Sigmedia Talks Page

Next Scheduled Talk


Speaker Dr. Jean-Yves Guillemaut
Title Joint Multi-Layer Segmentation and Reconstruction for 3D-TV Content Production
Time & Venue Printing House Hall - 14:30 31st March 2011


Abstract Current state-of-the-art image-based scene reconstruction techniques are capable of generating high-fidelity 3D models when used under controlled capture conditions. However, they are often inadequate when used in more challenging environments such as outdoor scenes with moving cameras. Algorithms must be able to cope with relatively large calibration and segmentation errors as well as input images separated by a wide-baseline and possibly captured at different resolutions.

In this talk, I will present a technique which, under these challenging conditions, is able to efficiently compute a high-quality scene representation via graph-cut optimisation of an energy function combining multiple image cues. Robustness is achieved by jointly optimising scene segmentation and multiple view reconstruction in a view-dependent manner with respect to each input camera. Joint optimisation prevents propagation of errors from segmentation to reconstruction as is often the case with sequential approaches. View-dependent processing increases tolerance to errors in through-the-lens calibration compared to global approaches.

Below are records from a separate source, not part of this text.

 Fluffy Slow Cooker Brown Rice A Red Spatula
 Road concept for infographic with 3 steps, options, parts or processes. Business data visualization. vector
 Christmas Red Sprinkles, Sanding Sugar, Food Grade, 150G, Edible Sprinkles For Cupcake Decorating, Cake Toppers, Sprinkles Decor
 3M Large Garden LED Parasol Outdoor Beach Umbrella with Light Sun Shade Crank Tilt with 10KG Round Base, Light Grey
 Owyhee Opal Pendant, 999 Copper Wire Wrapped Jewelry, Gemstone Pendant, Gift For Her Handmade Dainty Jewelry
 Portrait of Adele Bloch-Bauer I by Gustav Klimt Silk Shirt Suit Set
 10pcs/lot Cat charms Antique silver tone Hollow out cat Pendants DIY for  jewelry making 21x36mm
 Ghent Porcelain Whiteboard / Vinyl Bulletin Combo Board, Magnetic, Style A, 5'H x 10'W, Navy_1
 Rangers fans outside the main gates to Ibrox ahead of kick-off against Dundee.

Experimental results will be presented with a variety of challenging outdoor scenes captured with manually operated broadcast cameras as well as several indoor scenes with natural background. These datasets will be used to evaluate the accuracy of the technique for high quality segmentation and reconstruction and demonstrate its application for 3D-TV content production. Particularly, two main applications will be considered: free-viewpoint video, which gives a user the ability to freely control the viewpoint from which a video is rendered, and 3D video, which augments a conventional 2D video with depth information.

Bio Jean-Yves Guillemaut is a Research Fellow in the Centre for Vision, Speech and Signal Processing, University of Surrey, U.K. His research interests includes free-viewpoint video and 3D TV, image/video-based scene reconstruction and rendering, image/video segmentation and matting, camera calibration, and active appearance models for face recognition. Currently, he is working on the i3DLive project, in collaboration with The Foundry and BBC R&D, addressing use of multiple camera systems for stereo production in film and broadcast. Previously, he worked on the iview project developing computer vision algorithms for 3D reconstruction and free-viewpoint video rendering in sports.



Upcomming Talks, Last Year's Talks

Previous Talks


23rd March 2011

Speaker Viliam Rapcan
Title Can changes in speech predict cognitive decline?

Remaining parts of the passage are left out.